Enforcement of that law is the responsibility of the State Department, which issues visas, and the Department of Homeland Security, which investigates threats. Generally, universities have depended on those agencies to weed out potential students seen as risks and academic institutions do not get involved.
But apparently no longer.
Last week, the University of Massachusetts said that it would simply bar all Iranian nationals from enrolling in certain graduate programs in its College of Engineering and College of National Sciences among them physics, chemistry, microbiology, polymer science, chemical engineering, electrical and computer engineering, as well as mechanical and industrial engineering. The scope of these U Mass prohibitions is much broader than covered in the 2012 law. The university released a statement saying the ban was prompted by an inquiry from a student, who reportedly turned out to be from Hillel House, but UMass did not provide any details of who pushed to act against Iranian students but instead insisted that “We have no choice but to institute policies and procedure to ensure that we are in full compliance with all applicable laws.”
There is so much wrong and blatantly discriminatory about the U Mass policy decision that it was no surprise that just as its bizarre decision was likely to explode into a national education scandal that U Mass has just backed down. Apparently after consulting with the State Department and outside counsel, the university now says it will reverse the ban. A weak explanation from Michael Malone, vice chancellor for research and engagement at UMass Amherst who apparently sensed the odds changing for keeping U Mass disenfranchisement of qualified Iranian students from its programs was issued late last night. “Actually, we have always believed that excluding students from admission conflicts with our institutional values and principles. It is now clear, after further consultation and deliberation, that we can adopt a less restrictive policy.”
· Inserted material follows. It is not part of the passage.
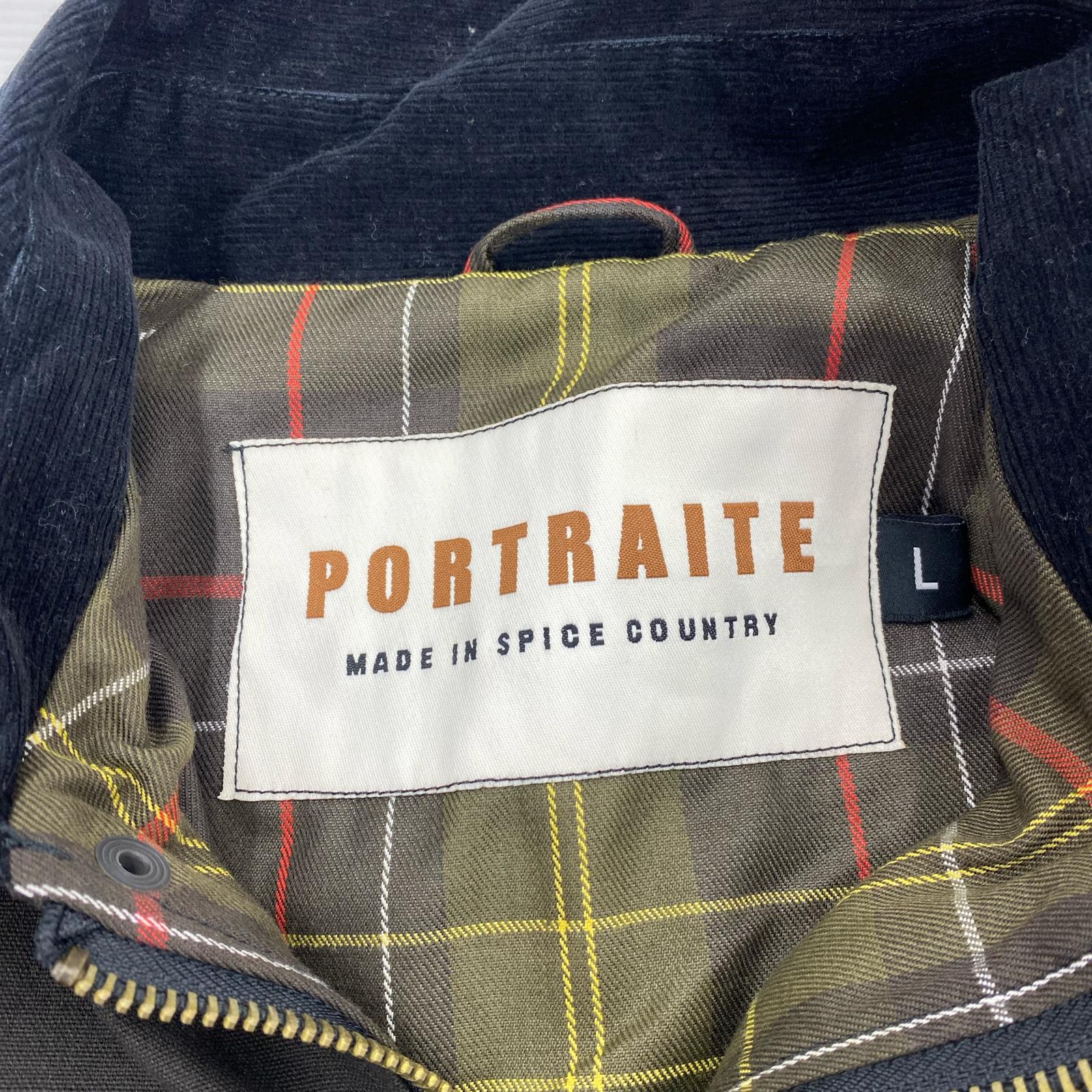 ジャケット PORTRAITE フィールドジャケット (L) L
One UMass professor was quoted in the Harvard Crimson as saying that “All’s well that ends well. The UMass administration is satisfied that the Zionist lobby will keep channeling funds, the State Department is satisfied that a crisis was avoided that might have affected negatively the Iranian nuclear file and U Mass came out came out smelling like roses!”
Not according to a reported majority of the UMass student body and Americans who value academic independence, freedom of expression and keeping foreign political interests from corrupting American institutions of learning.